Believe 10 or even 12ga would suffice. These XP's max amps are around 100 at surge and doubt you would even see that at it's highest load. I would only be feeding it with a 70 A breaker from the house mains as it is... Now battery amperage is a different story @140A dscg current, if the XP breaker wouldn't trip first.
No need to guess:


Well, apart from having the right inputs to use the table.
 
It would be based on the 15a. Just like the current carrying conductors.
So 14 gauge copper is what is required.
It only needs to carry the fault current for the circuit. Anything above that would melt the current carrying conductors. And the SCC board.
I wouldn't be surprised if UL1741 requires some kind of fusing between the multiple power sources (battery, grid, solar panels. the solar panels are of least concern) to blow a fuse before there's a chance of wiring external to the inverter / MPPT melting.
 
It would be based on the 15a. Just like the current carrying conductors.
So 14 gauge copper is what is required.
It only needs to carry the fault current for the circuit. Anything above that would melt the current carrying conductors. And the SCC board.
So we are only talking about the OCP for the panel amperage. I was reading where some people were getting, I believe AC feedback to their racks.
 
I have seen a 12 gauge EGC on a 20a circuit. Carry the fault current and trip a 1200a main breaker. This was due to improper selective coordination of OCP.
 
That is how all discussions on this forum go.

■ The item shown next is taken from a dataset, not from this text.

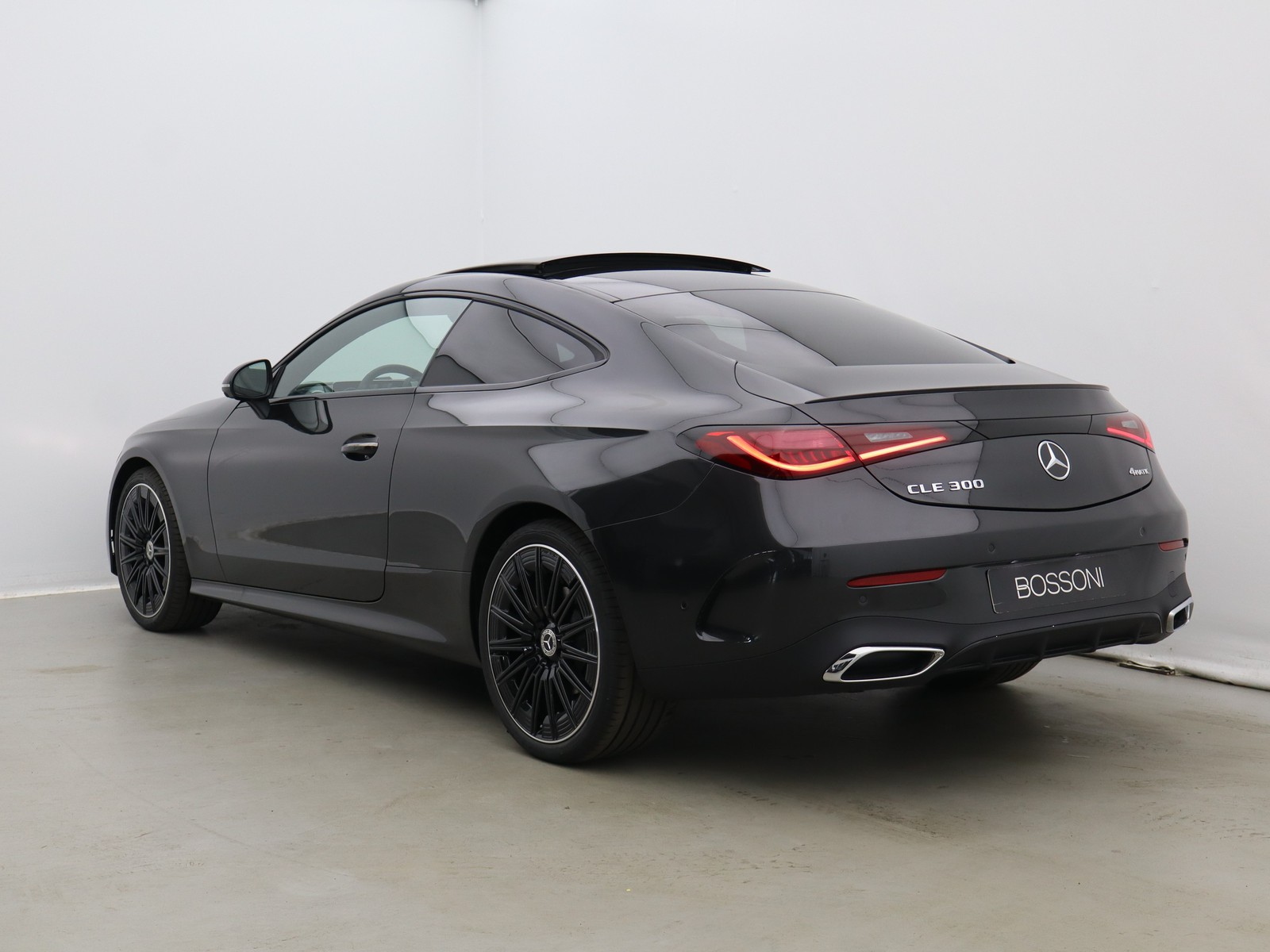 5 - Mercedes CLE coupe 300 amg line premium 4matic 9g-tronic plus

Based on the max Isc the panels can generate.

I'm just asking about the other sources of fault current as a thought experiment.

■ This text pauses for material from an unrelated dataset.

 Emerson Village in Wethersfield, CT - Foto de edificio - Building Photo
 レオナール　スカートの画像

Ya, I get that us new guys are a pain in the ass. Being 70 and having to double check your stuff 2 times, AND MORE, really sucks, Figure I passed my prime about 10 clicks back.
 
Ya, I get that us new guys are a pain in the ass. Being 70 and having to double check your stuff 2 times, AND MORE, really sucks, Figure I passed my prime about 10 clicks back.
Not a problem.
We are all here to help each other out.
Nobody knows everything. We are all learning things from each other.
This forum has a great knowledge base.